Joe Romm shrugs at the news:

Yes, lots of people put money into the company — but a lot of experts on alternative-fueled vehicles and electric cars had big doubts this business model made any sense.

ACA Ambivalence

Jonathan Bernstein is ignoring the polling numbers on Obamacare until it takes effect because he doubts Americans “have strong views of a law that they know little about and that has all sorts of components”:

Look, the Affordable Care Act is unpopular! After all, a new CNN poll finds 43 percent of respondents support Obamacare, while 54 percent oppose it. Look, the Affordable Care Act is popular after all! Or at least government intervention to achieve universal health insurance is popular. Yes, 54 percent oppose the ACA, but almost half of those think it’s not liberal enough. Wait — those can’t both be right, can they? The answer is more basic: Neither of them are. Conservatives convinced by this poll’s headline number that everyone hates Obamacare are wrong; so are liberals convinced that everyone really loves it are wrong, too. …

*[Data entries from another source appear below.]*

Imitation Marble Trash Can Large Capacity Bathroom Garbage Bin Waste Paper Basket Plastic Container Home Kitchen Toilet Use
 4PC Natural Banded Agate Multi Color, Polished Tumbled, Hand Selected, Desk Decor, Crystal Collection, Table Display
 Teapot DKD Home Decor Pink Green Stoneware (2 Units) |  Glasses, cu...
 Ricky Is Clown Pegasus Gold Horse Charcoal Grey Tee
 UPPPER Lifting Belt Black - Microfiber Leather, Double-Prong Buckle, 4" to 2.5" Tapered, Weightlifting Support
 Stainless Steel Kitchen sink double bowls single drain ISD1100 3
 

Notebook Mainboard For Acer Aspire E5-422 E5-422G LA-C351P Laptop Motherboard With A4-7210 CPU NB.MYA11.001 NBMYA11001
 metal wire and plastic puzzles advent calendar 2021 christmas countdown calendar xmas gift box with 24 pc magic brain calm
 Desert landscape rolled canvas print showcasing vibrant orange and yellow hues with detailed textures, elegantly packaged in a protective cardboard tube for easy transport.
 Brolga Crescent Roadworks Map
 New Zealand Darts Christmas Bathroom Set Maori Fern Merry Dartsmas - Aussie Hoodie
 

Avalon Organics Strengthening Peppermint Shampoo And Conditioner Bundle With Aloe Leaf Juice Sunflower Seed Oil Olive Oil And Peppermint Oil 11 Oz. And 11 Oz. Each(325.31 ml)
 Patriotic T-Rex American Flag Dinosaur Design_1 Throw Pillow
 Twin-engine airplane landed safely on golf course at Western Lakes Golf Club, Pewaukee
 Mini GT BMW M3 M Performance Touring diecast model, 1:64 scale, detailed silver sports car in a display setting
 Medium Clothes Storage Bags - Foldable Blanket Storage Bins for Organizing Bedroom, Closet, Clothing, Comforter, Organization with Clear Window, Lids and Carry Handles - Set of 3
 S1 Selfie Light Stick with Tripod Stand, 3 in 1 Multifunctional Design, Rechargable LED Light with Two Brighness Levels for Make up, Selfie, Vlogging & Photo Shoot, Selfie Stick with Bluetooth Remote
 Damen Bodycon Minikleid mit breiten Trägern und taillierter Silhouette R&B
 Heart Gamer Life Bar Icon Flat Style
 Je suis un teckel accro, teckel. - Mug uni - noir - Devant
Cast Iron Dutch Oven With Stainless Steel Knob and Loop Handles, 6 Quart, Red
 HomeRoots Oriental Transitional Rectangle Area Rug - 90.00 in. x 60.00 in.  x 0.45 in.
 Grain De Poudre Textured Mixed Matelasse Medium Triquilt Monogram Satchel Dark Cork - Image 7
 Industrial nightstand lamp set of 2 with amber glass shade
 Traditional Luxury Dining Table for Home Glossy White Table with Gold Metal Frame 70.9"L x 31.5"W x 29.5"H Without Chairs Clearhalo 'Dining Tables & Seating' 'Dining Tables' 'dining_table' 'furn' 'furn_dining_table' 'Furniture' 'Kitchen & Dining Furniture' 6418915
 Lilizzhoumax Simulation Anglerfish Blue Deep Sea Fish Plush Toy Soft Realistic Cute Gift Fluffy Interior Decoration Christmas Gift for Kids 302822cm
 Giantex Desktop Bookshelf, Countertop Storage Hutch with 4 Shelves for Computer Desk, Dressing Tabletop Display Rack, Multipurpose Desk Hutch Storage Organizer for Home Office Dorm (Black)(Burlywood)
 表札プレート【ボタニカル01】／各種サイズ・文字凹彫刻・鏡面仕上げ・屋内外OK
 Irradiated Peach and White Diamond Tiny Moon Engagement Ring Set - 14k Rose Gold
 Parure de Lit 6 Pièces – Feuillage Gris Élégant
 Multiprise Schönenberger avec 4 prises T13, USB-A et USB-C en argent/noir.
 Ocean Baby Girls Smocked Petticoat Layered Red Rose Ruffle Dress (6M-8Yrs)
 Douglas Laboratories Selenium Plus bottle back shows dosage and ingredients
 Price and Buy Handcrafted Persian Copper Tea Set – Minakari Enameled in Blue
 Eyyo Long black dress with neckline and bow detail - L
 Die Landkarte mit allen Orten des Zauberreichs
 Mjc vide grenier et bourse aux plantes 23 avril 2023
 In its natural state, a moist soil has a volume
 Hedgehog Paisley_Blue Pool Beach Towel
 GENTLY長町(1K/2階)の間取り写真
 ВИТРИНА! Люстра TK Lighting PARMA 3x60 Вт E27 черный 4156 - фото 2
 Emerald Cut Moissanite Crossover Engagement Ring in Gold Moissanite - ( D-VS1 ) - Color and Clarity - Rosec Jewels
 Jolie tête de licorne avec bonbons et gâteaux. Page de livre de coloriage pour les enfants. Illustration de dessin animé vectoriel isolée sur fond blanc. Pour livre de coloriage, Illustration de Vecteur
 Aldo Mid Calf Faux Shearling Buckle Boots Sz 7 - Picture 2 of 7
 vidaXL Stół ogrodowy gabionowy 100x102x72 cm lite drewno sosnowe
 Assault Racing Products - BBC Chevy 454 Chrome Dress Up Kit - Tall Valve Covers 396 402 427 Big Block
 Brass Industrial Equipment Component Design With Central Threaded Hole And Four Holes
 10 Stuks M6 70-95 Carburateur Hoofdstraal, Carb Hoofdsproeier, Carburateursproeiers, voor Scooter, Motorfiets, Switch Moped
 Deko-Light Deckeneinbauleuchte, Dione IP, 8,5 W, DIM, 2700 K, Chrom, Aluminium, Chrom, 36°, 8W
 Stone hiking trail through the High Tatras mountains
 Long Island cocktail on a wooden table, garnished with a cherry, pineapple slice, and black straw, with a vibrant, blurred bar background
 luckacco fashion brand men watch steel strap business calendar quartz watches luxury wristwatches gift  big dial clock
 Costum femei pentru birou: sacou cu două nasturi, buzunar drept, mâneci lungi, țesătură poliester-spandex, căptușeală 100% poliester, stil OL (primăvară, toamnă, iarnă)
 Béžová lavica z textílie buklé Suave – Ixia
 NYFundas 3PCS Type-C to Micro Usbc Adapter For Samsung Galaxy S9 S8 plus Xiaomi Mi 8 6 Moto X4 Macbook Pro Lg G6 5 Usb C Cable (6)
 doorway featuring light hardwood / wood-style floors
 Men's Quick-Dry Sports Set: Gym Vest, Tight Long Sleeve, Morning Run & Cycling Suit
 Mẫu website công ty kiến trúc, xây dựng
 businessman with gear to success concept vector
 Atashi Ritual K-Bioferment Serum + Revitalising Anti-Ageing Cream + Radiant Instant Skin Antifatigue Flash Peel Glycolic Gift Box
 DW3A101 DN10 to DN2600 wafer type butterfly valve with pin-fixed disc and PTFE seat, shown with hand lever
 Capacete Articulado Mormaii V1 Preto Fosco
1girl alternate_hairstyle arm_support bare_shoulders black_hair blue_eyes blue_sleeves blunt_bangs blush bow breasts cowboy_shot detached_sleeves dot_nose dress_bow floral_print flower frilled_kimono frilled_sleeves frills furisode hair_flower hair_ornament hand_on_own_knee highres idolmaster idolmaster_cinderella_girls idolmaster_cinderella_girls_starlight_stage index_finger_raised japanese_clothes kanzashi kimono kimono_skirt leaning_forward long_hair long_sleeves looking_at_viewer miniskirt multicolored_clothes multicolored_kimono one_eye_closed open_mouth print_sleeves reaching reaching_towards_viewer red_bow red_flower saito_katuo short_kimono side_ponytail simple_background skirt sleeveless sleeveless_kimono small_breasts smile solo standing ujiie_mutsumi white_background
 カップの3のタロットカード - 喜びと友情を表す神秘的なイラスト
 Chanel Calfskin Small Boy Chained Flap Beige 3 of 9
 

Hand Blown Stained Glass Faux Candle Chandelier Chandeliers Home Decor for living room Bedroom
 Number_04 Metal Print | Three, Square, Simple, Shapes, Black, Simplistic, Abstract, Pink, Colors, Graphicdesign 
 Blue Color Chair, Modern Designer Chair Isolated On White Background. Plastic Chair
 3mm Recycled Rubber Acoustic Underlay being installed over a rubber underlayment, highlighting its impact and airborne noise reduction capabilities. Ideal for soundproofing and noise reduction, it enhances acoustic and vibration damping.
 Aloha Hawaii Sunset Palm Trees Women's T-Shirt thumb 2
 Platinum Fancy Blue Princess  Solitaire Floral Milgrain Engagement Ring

In the long run, what will really matter is whether the various programs included in the ACA actually work. If they do, they’ll be impossible to repeal (although fights over, for example, subsidy levels will become standard political fights). If implementation goes badly — if the exchanges are impossible to navigate, or large employers really do suddenly stop offering health insurance as a benefit — then new changes won’t take long.

Steve Benen, however, predicts divergent views to remain beyond implementation:

Now, because of state-by-state differences, there will be quite a bit of variety in outcomes. If you live in California or another state dominated by Democratic officials, you’ll likely have a very positive impression of how the law is being implemented, and how it benefits you, your family, and your community. If you live in, say, Texas, you’re likely to have a very different kind of experience. …

It’s not necessarily an explicitly partisan matter — I’m not saying that Democrats are necessarily better at health care governance. Rather, the point is, Democrats don’t have an ideological axe to grind when it comes to trying to sabotage federal health care law. Rick Perry, however, does. To be sure, these red-state residents won’t be left out entirely, and they’ll still benefit from all kinds of consumer protections and expanded access that they’ll really appreciate, even if they don’t yet realize the available benefits. But the full benefits of implementation will elude them for a while in ways blue-state residents won’t have to deal with.